I would propose the same reply to , “what do you think about capitalism?”  It would be a good idea.

Much of the criticism that has been focused on capitalism is undeserved.  The problem was less deregulation than the failure of regulation to keep up with financial innovation.  Capitalism requires regulation just as democracy requires laws and courts.

So much of this financial meltdown was caused by poor regulation and government policy, and their interference with capitalistic enterprise, yet few proposals at regulatory reform address the government’s role.

When a large enterprise is deemed too big to fail and carries an implicit government guarantee, it faces a much lower cost of risk than its smaller competitors who cannot depend on government sharing its losses.  This weakens the independent bankers and financial institutions. It weakens the system.

When the FDIC insures the weak as well as the strong, we will invest in the higher paying CDs at weaker institutions because the government bears the risk. The sounder banks suffer.

Capitalism is mischaracterized even by its defenders. It is not about greed. Greed existed long before capitalism and will exist long after a better system is found. It is not about self interest which may just be a less offensive form of greed.

Capitalism is about the competition of ideas.  Good ideas much be allowed to succeed, but more importantly bad ideas must be allowed to fail. The capital will thus be redeployed to generate more innovative and competitive ideas.

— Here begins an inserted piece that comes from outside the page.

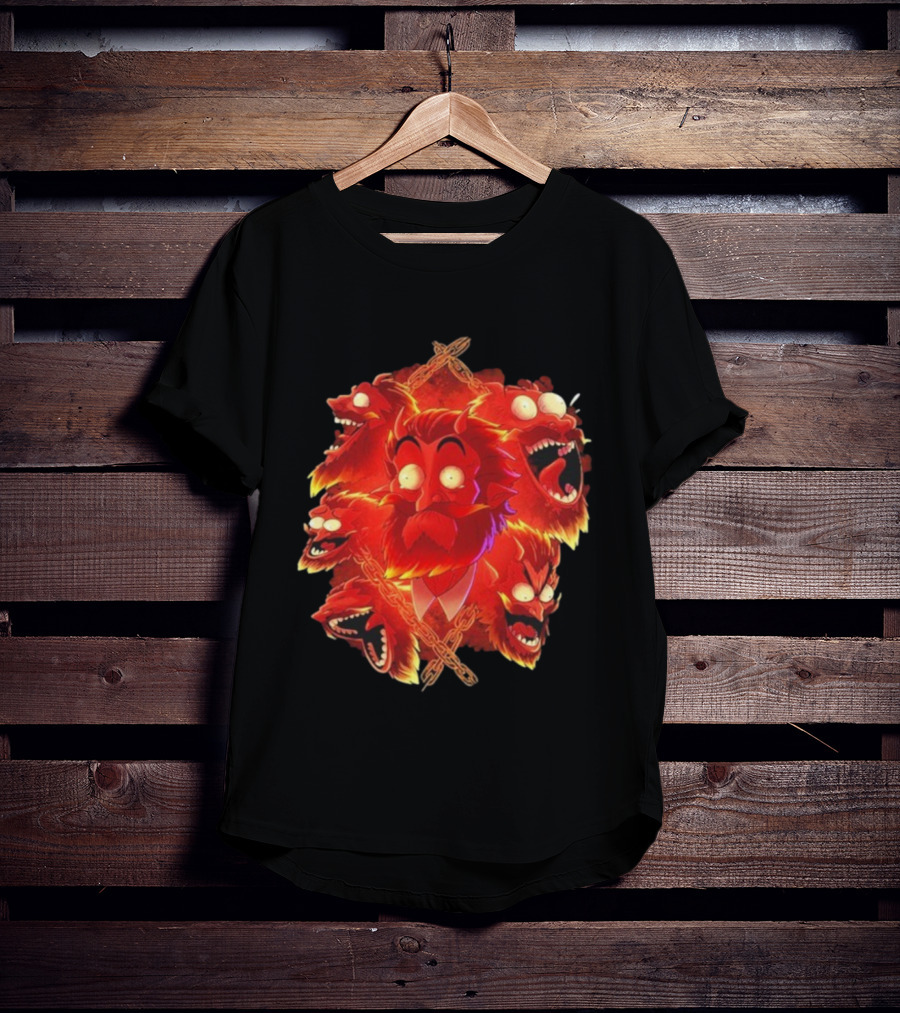 Legends Of Avantris Gideon Laughing Fiery Demon Faces T-Shirt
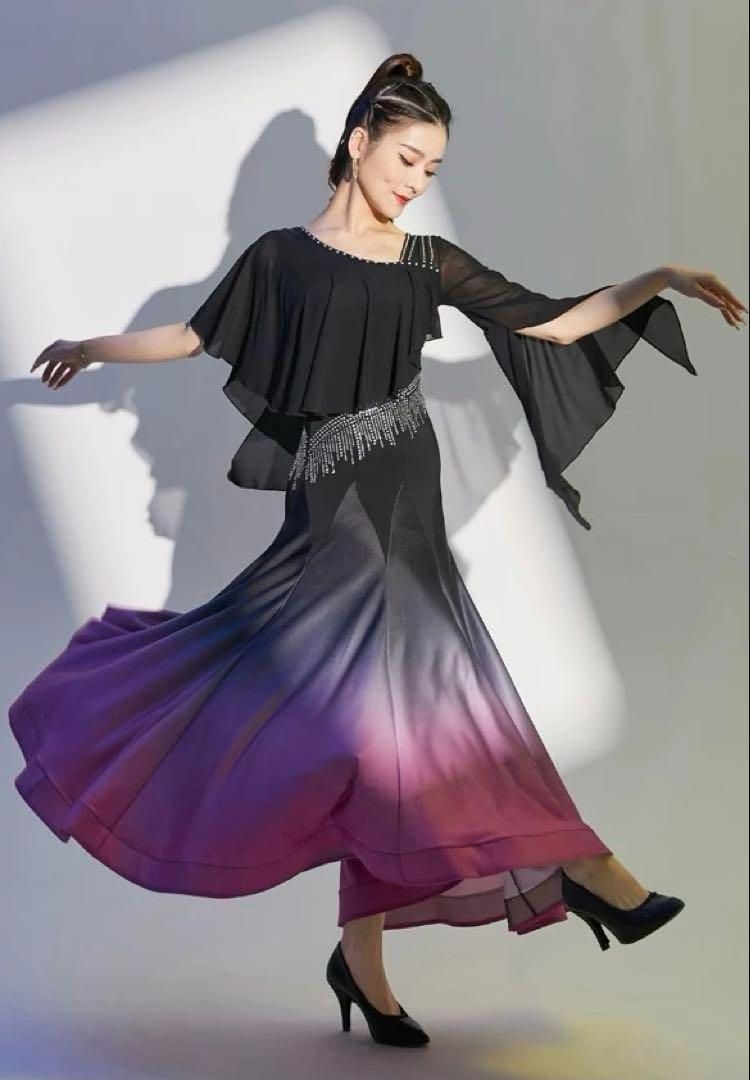 タカダンス 社交ダンス スカート 黒 メッシュ素材 SMサイズ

Central planning, socialism, or excessive regulation is the opposite of competition;  these forms of elitism force homogenized ideas on everyone alike.  If the governing elite picks great ideas then everything is wonderful, but if they pick bad ideas financial catastrophe results.  Since the elite will only know a fraction of what everyone in society knows the chance of them ‘picking’ a better system than the competition of the market place is nil.

Lessons of this financial period will be woefully incomplete if we omit the analysis on the regulations that caused the problem and focus only on the absence of regulations that could have prevented it.